Mit unseren Fragen gingen wir zu Michael Geymeier (Heilarmee Bielefeld), von dem wir wussten, dass er das ganze Jahr über in Kontakt mit wohnungslosen Menschen ist. Er berichtete von vielen Obdachlosen, die aufgrund von Ängsten öffentliche Unterkünfte meiden und auch bei extremen Minusgraden lieber im Freien übernachten, von „Kältestreifen“, die er und seine Leute täglich fuhren, um die Obdachlosen mit warmen Speisen, Getränken und Schlafsäcken zu versorgen, von seiner großen Enttäuschung über die Tatenlosigkeit der Bielefelder Kirchen und Freikirchen in dieser außerordentlichen Notsituation. Dieses Gespräch setzte uns umgehend in Bewegung.
In Zusammenarbeit mit unserem Kleiderkammerteam und mit der Unterstützung von ehrenamtlichen Helfern und Helferinnen aus der Philippus-Gemeinde organisierten wir innerhalb weniger Tage ein „Warme Kleidung & Kaffee to go“ Angebot für wohnungslose Menschen. Die große Hilfs- und Spendenbereitschaft war überwältigend, und auch das Zusammenwirken von Mitgliedern des Sozialwerks, der Philippus-Gemeinde und anderer Gemeinden war eine sehr Mut machende Erfahrung.
Als alles vorbereitet war, kam es allerdings ganz anders als gedacht. Den ersten geplanten Termin mussten wir schweren Herzens wegen angekündigter Eisglätte absagen, zwei Tage später kamen – bei zunehmend wärmeren Temperaturen – drei Gäste, die anschließend zufrieden und mit vollen Tüten weiter zogen. Wiederum zwei Tage später hatten wir bei inzwischen fast frühlingshaftem Wetter sogar zwölf Gäste…
Kommentar von Michael Geymeier in unsere leichte Enttäuschung hinein: „Na seht ihr? Die Leute kommen doch!! Wartet mal zwei bis drei Wochen, dann hat sich das rumgesprochen…J!“ Ja, das glauben wir auch. Die Menschen werden kommen, wenn wir sie weiterhin einladen, wenn wir ihnen Kleidung und etwas zu essen anbieten, wenn wir uns hier und da die Zeit nehmen, zuzuhören und mit ihnen zu reden. Die Frage ist nur, ob wir das wirklich wollen, und zwar über die zunächst geplanten vier Winterwochen hinaus? Und wie soll die Unterstützung dann aussehen? Reichen Kleidung, Kaffee und Sandwiches und ab und zu ein Gespräch? Oder haben die Menschen vielleicht noch ganz andere Bedürfnisse?

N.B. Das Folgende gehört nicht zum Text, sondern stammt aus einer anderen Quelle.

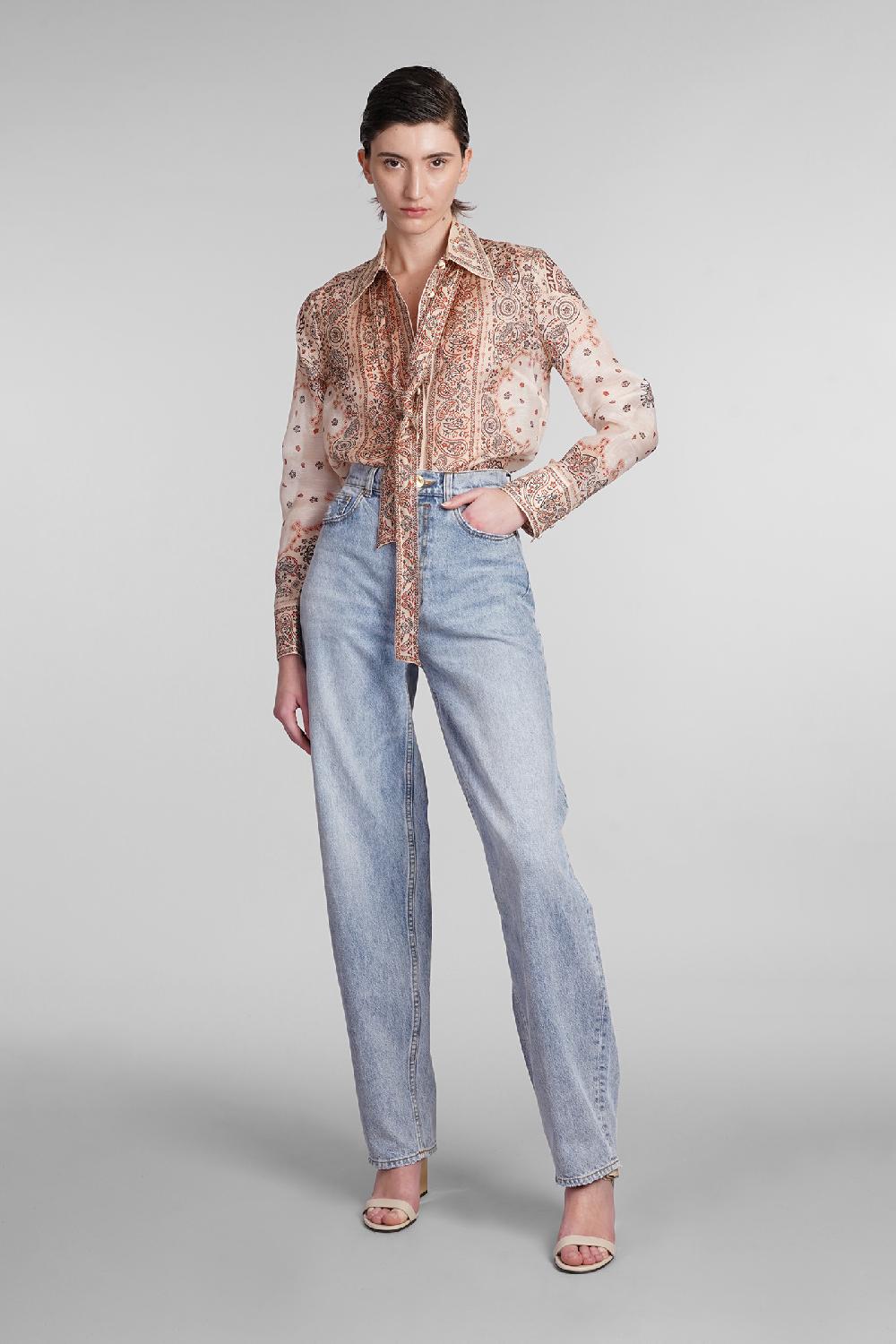 Deliberti Zimmermann Blusa In Lino Beige Cod. 399424 - Deliberti The Luxury Shopping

All das sind Fragen, auf die wir zum jetzigen Zeitpunkt noch keine Antworten haben. Wir wollen uns aber auf den Weg machen und herausfinden, was wohnungslose Menschen in Bielefeld – besonders auch in den kalten Wintermonaten – wirklich brauchen. So sind wir schon sehr gespannt darauf, wie es mit der Obdachlosenhilfe weiter geht und was Gott vielleicht auch gemeindeübergreifend für die wohnungslosen Menschen unserer Stadt auf den Weg bringen möchte.